RMO 3

Given $pq=r+1$

$r$ must be an odd prime because if $r$ is even, then $r=2$ and $r+1=3\Rightarrow r=3$ which not possible since $p,q$ are primes. Hence $r$ is odd.

This means that $pq$ is even and hence one of $p,q$ must be $2$ .

Suppose $p$ is $2$ . This means that $2q=r+1$

Squaring both sides

$4{ q }^{ 2 }={ r }^{ 2 }+1+2r\\ \Rightarrow 4{ q }^{ 2 }=2({ p }^{ 2 }+{ q }^{ 2 })+2r\\ \Rightarrow 2{ q }^{ 2 }=2{ p }^{ 2 }+2r\\ \Rightarrow 2{ q }^{ 2 }=8+2r\\ \Rightarrow { q }^{ 2 }=4+r\\ \Rightarrow { q }^{ 2 }-4=r\\ \Rightarrow (q+2)(q-2)=r$

Since $r$ is a prime, one of $(q+2),(q-2)$ must be equal to one.
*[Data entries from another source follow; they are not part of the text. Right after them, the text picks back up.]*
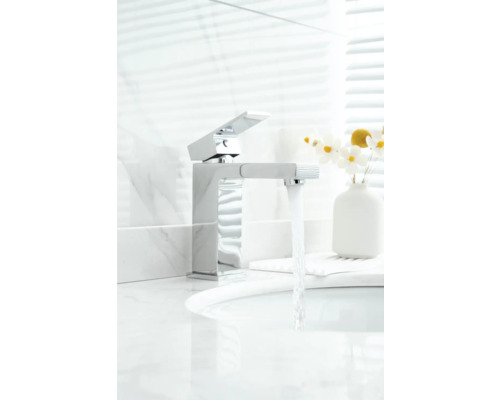 Moderner Wasserhahn aus Metall im Badezimmer mit fließendem Wasser.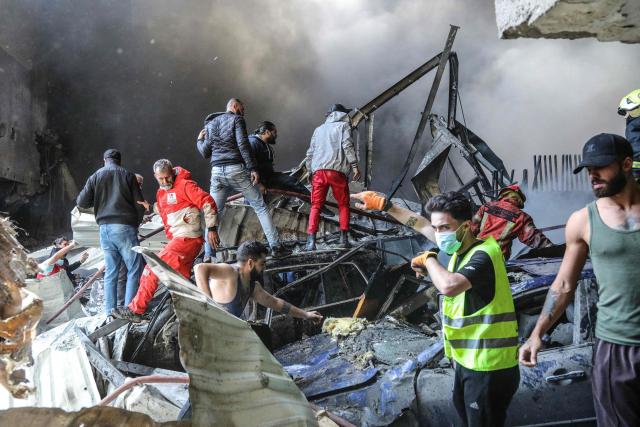 First responders and residents stand amid rubble at the site of an Israeli airstrike in Beirut's Corniche al-Mazraa neighbourhood on April 8, 2026. Israel launched a series of strikes in Beirut on April 8, causing panic among residents in the most violent attack on the capital since the start of the war with Hezbollah. The Israeli military said it carried out its "largest coordinated strike across Lebanon". Israel has insisted the two-week truce in its war with Iran does not apply to Lebanon. (Photo by Ibrahim AMRO / AFP)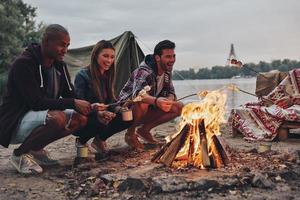 Totally happy. Group of young people in casual wear roasting marshmallows over a campfire while resting near the lake photo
If $q+2=1 \Rightarrow q=-1$ which is not possible. Hence $q-2=1 \Rightarrow q=3 \Rightarrow r=5$

Hence we find the solution $(p,q,r)=(2,3,5)$ . Similarly taking $q=2$ we can get $(p,q,r)=(3,2,5)$ .

Hence there are two solutions.